<<<<

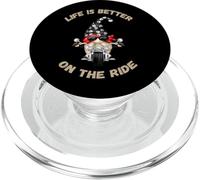 Cute Gnome For Oldschool Biker - Life Is Better On The Ride PopSockets PopGrip per MagSafe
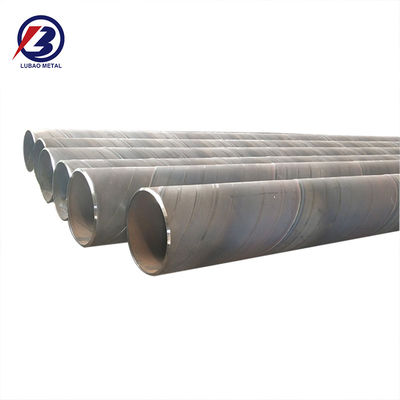 API 5l x52 ssaw 스파이럴 웰딩 스틸 파이프 길이 12M 비유화 된 뜨거운 롤링 탄소 스파이럴 스틸 웰딩 튜브 중국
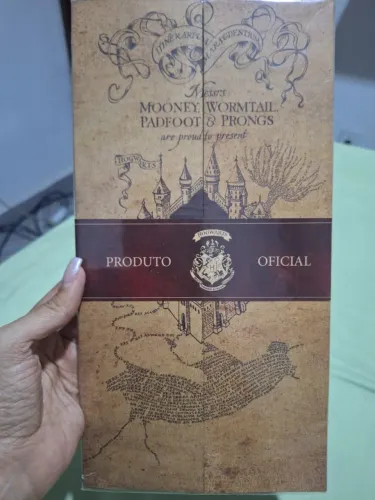 mapa do maroto harry potter (maraunder) - oficial warner bros 
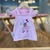 Conjunto Jardineira e Blusa Para Bebê Recém Nascida Suedine 100% Algodão - loja online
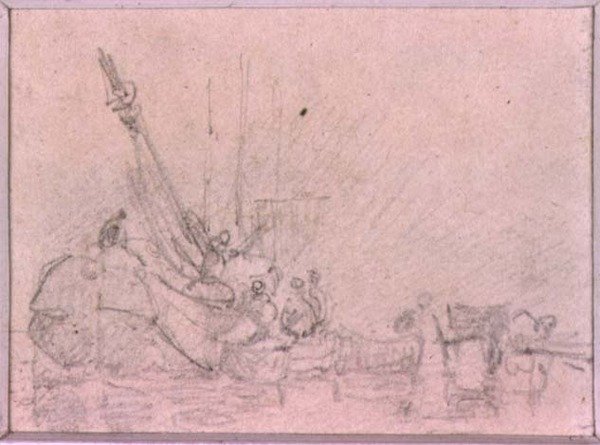 Kompozisyon Çalışmaları (çizim) by Augustus Wall Callcott
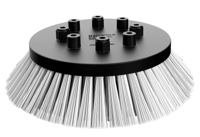 GARDENA aquabrush zachte schijfborstel, voor de aquabrush accu-multireiniger wasborstel (grijs/turquoise, 14847-20)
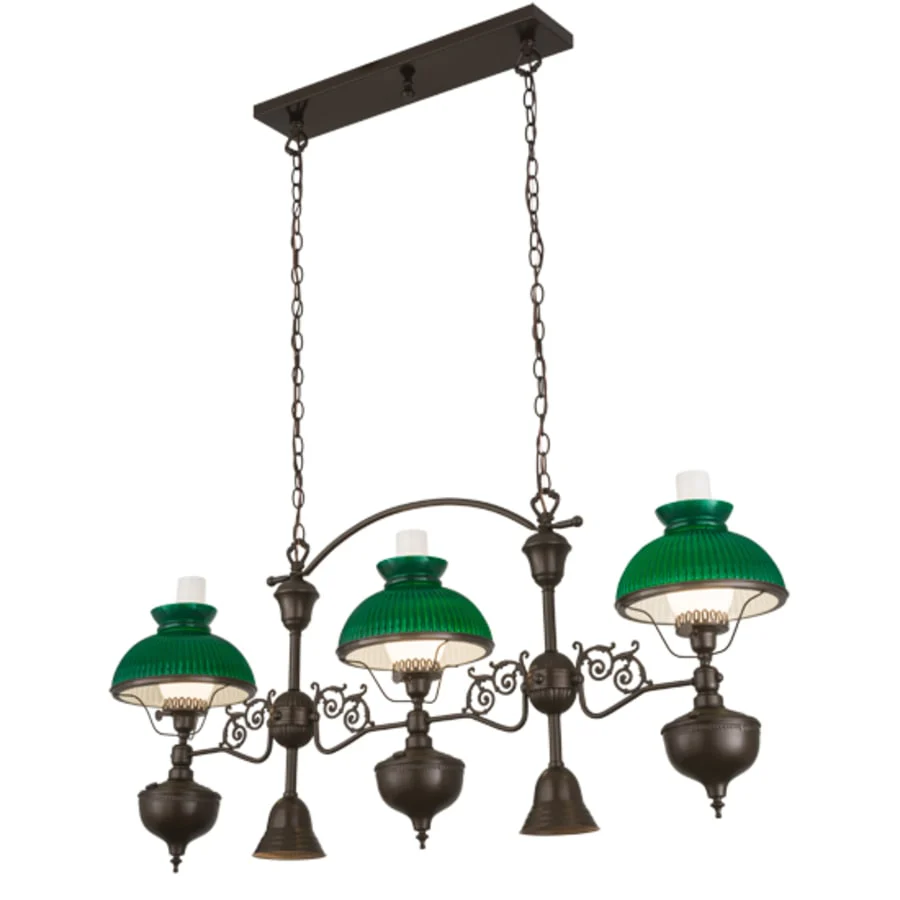 Meyda Tiffany Sunbury 3 Light 48" Wide Linear Pendant - Image 3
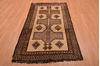Gabbeh Beige Hand Knotted 38 X 69  Area Rug 100-109083 Thumb 1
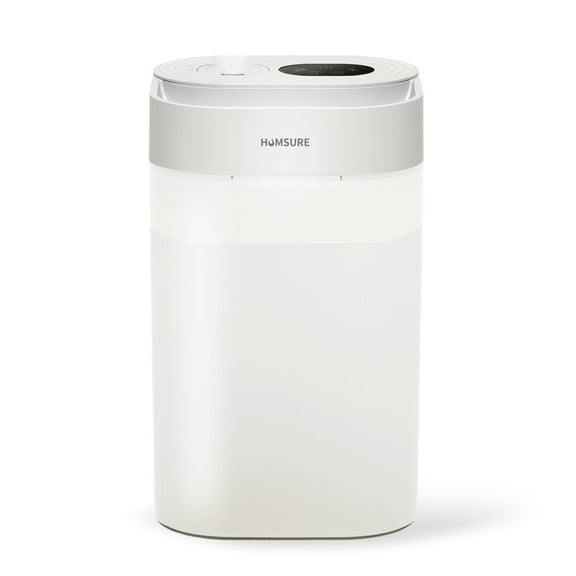 Bedroom humidifier, 4.5L cool mist floating design, leak-proof, suitable for indoor plants. Ultra-quiet ultrasonic humidifier with adjustable aromatherapy and multi-coloured lighting, easy to clean.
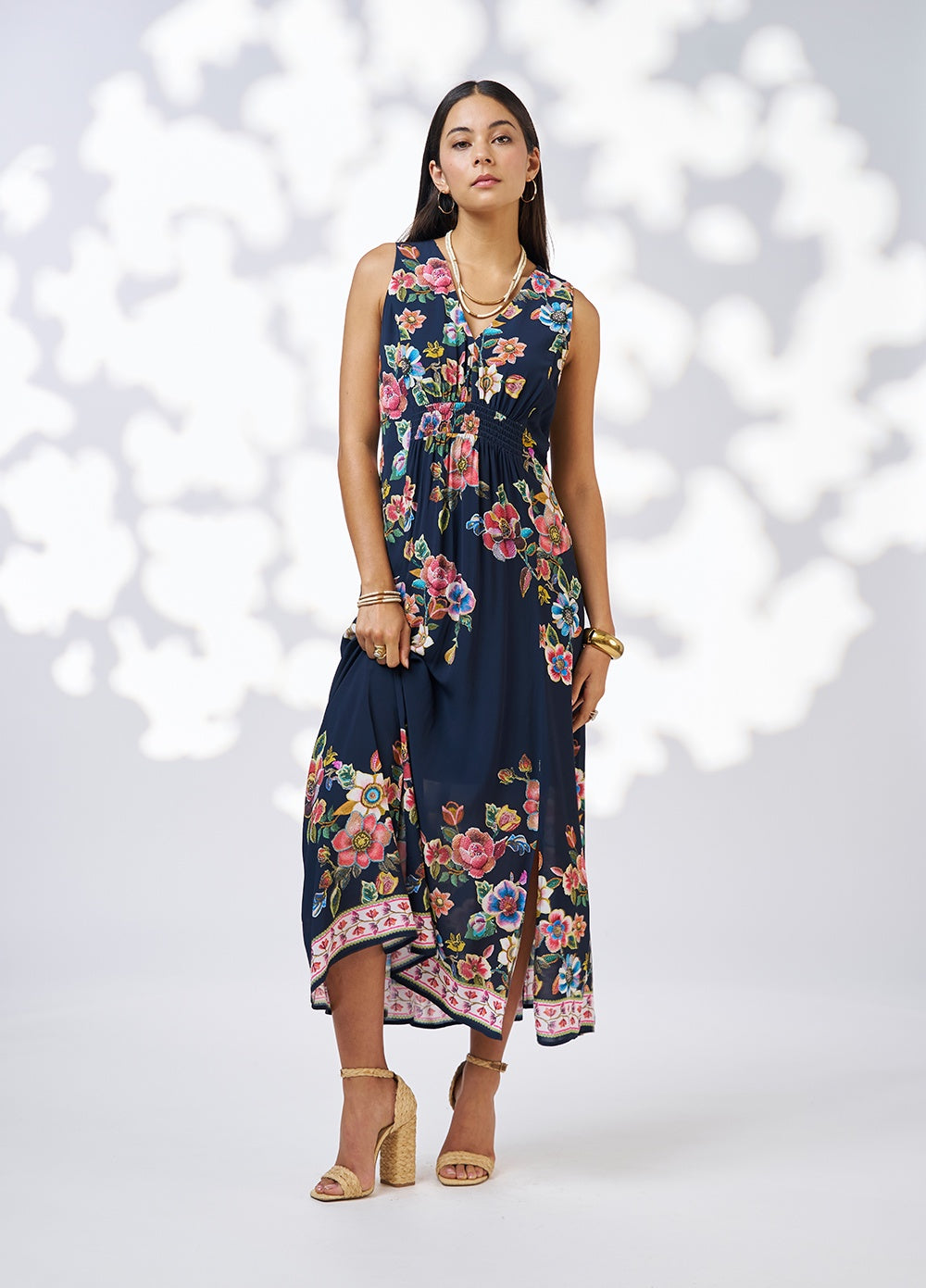Mystic Rose Midi Dress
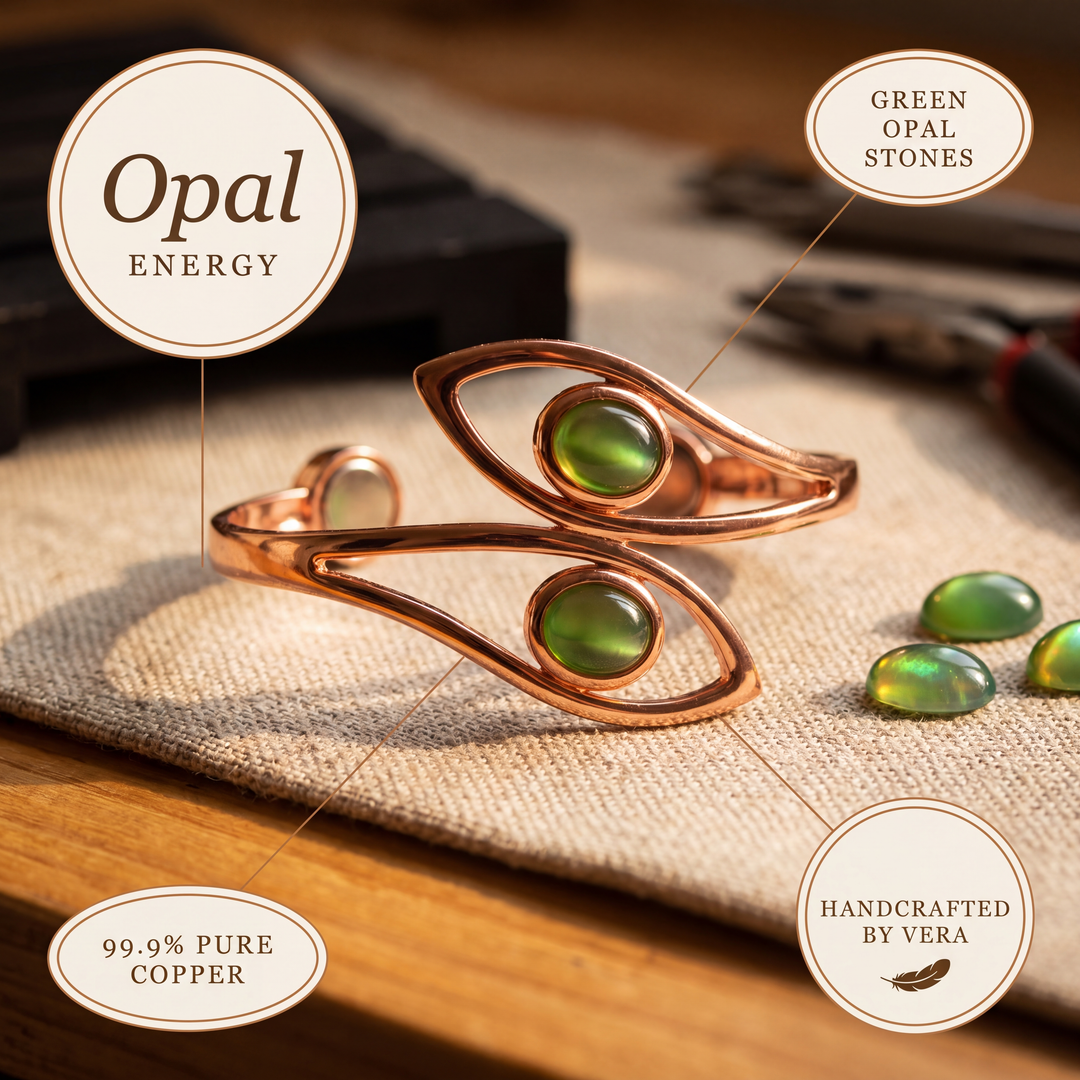 Bracelet en Cuivre avec Opale de Vera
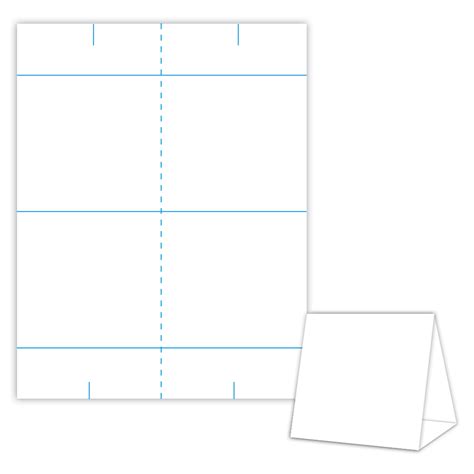 85x11 Table Tent Template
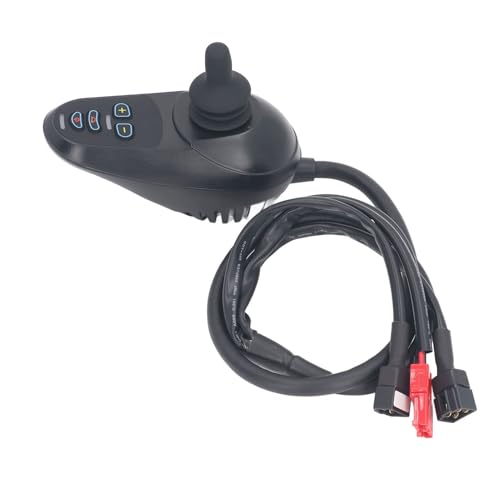 Rolstoel Joystick Brush Controller 50a Elektrische rolstoelstroomregelaar met 4 toetsen Joystick Control DC 24V voor elektrische rolstoelen Intelligente robots 4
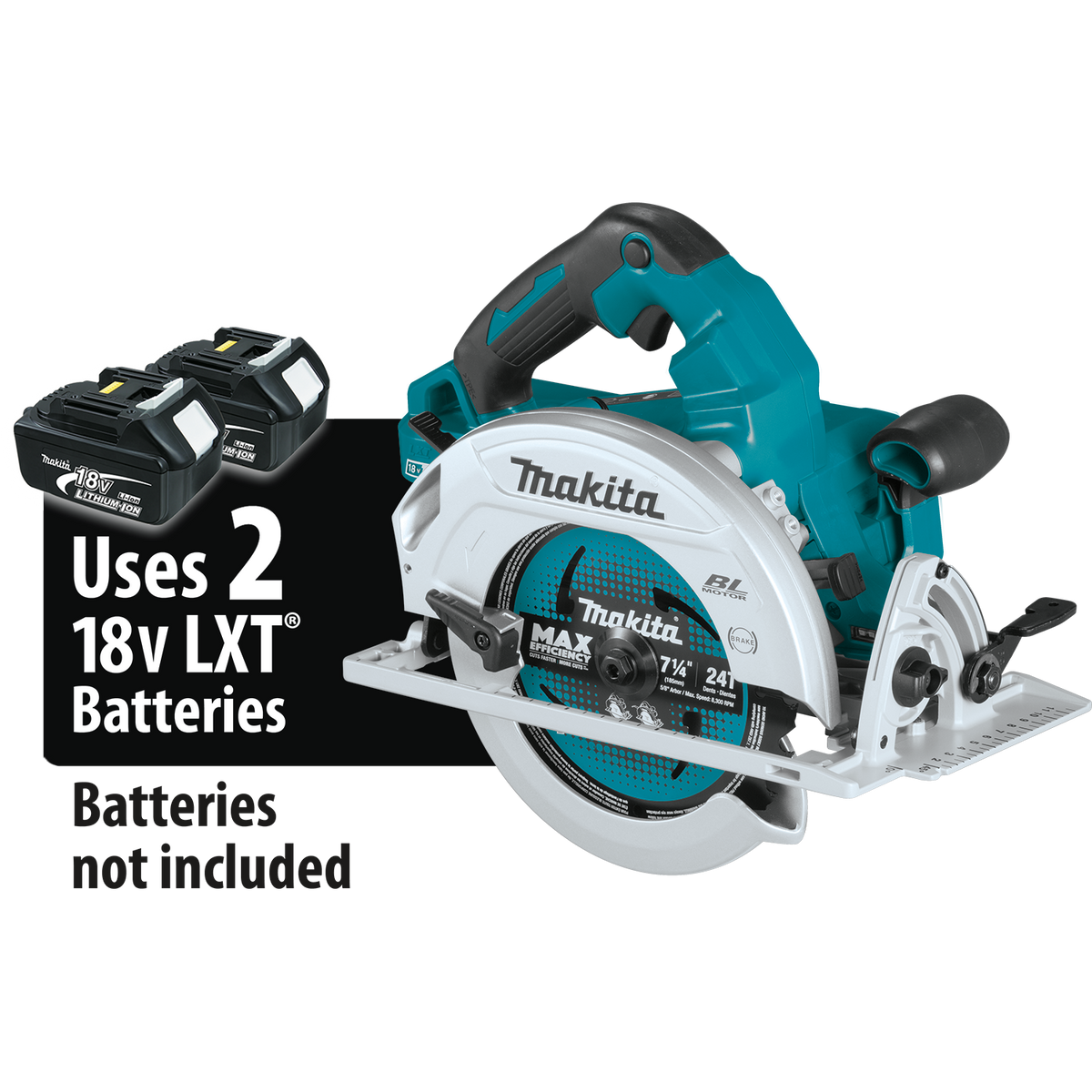 Makita 18V X2 LXT (36V) Brushless Cordless 7-1/4 in. Circular Saw, AWS Capable – Tool Only (XSH06Z)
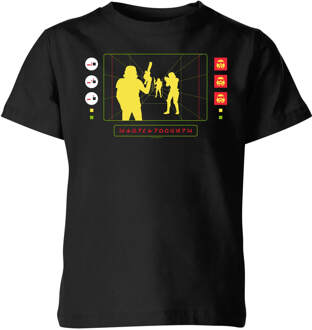 Star Wars Stormtrooper Targeting Computer kinder t-shirt - Zwart - 98/104 (3-4 jaar) - XS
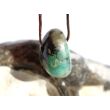 Smaragd Trommelstein gebohrt (Beryll) - Rarität - ca. 1,6 cm x 1,4 cm x 1 cm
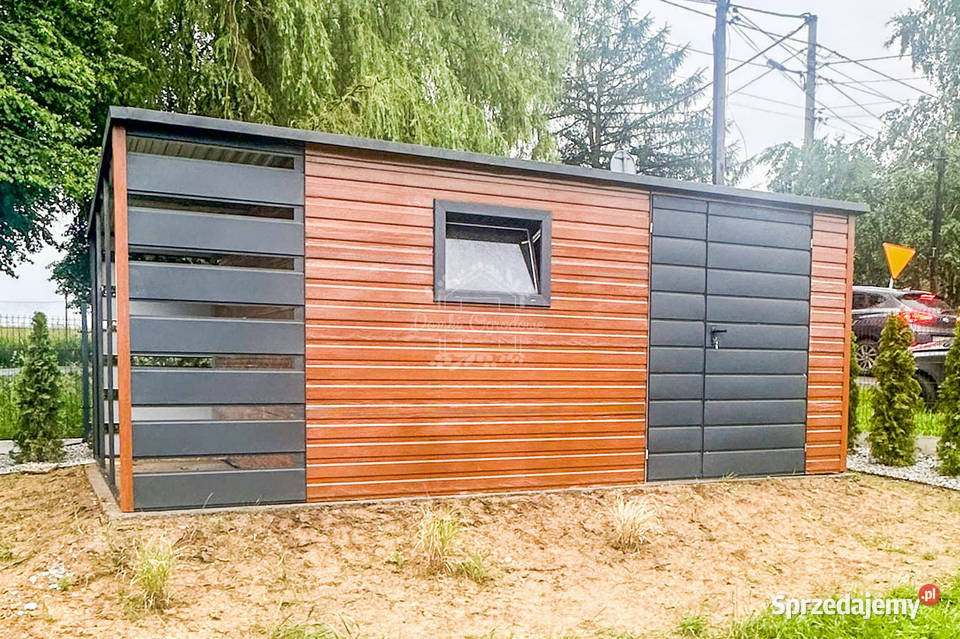 Schowek Domek Ogrodowy 4x25m wiata 1m Okno złoty Ciechanów sprzedam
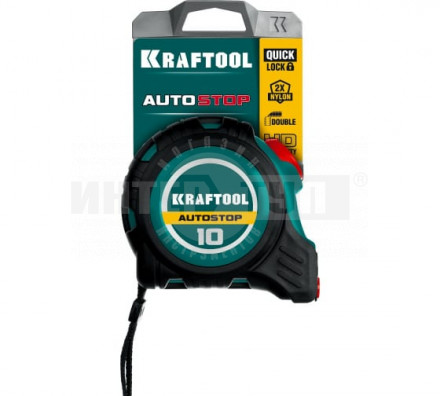 KRAFTOOL AutoStop 10м / 25мм профессиональная рулетка с автостопом [3]  купить в Хабаровске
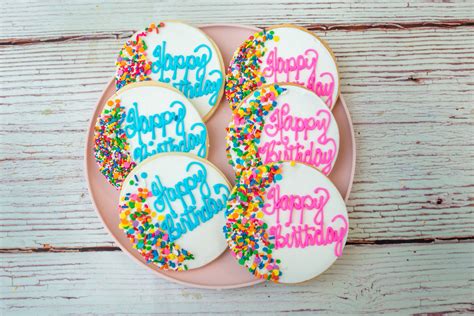 Birthday Cookies Lochels Bakery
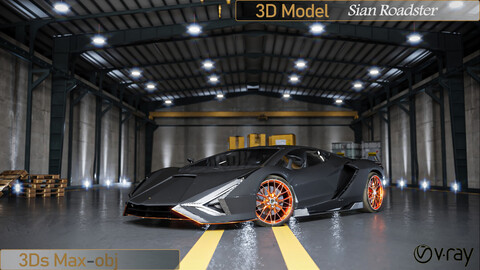 lamborghini sian roadster black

>>>>

▶ [Directions] After removing the pictures, transcribe the listing above exactly.

▶ [Answer box]
 Cute Gnome For Oldschool Biker - Life Is Better On The Ride PopSockets PopGrip per MagSafe
 API 5l x52 ssaw 스파이럴 웰딩 스틸 파이프 길이 12M 비유화 된 뜨거운 롤링 탄소 스파이럴 스틸 웰딩 튜브 중국
 mapa do maroto harry potter (maraunder) - oficial warner bros 
 Conjunto Jardineira e Blusa Para Bebê Recém Nascida Suedine 100% Algodão - loja online
 Kompozisyon Çalışmaları (çizim) by Augustus Wall Callcott
 GARDENA aquabrush zachte schijfborstel, voor de aquabrush accu-multireiniger wasborstel (grijs/turquoise, 14847-20)
 Meyda Tiffany Sunbury 3 Light 48" Wide Linear Pendant - Image 3
Gabbeh Beige Hand Knotted 38 X 69  Area Rug 100-109083 Thumb 1
 Bedroom humidifier, 4.5L cool mist floating design, leak-proof, suitable for indoor plants. Ultra-quiet ultrasonic humidifier with adjustable aromatherapy and multi-coloured lighting, easy to clean.
Mystic Rose Midi Dress
 Bracelet en Cuivre avec Opale de Vera
 85x11 Table Tent Template
 Rolstoel Joystick Brush Controller 50a Elektrische rolstoelstroomregelaar met 4 toetsen Joystick Control DC 24V voor elektrische rolstoelen Intelligente robots 4
 Makita 18V X2 LXT (36V) Brushless Cordless 7-1/4 in. Circular Saw, AWS Capable – Tool Only (XSH06Z)
 Star Wars Stormtrooper Targeting Computer kinder t-shirt - Zwart - 98/104 (3-4 jaar) - XS
 Smaragd Trommelstein gebohrt (Beryll) - Rarität - ca. 1,6 cm x 1,4 cm x 1 cm
 Schowek Domek Ogrodowy 4x25m wiata 1m Okno złoty Ciechanów sprzedam
 KRAFTOOL AutoStop 10м / 25мм профессиональная рулетка с автостопом [3]  купить в Хабаровске
 Birthday Cookies Lochels Bakery
 lamborghini sian roadster black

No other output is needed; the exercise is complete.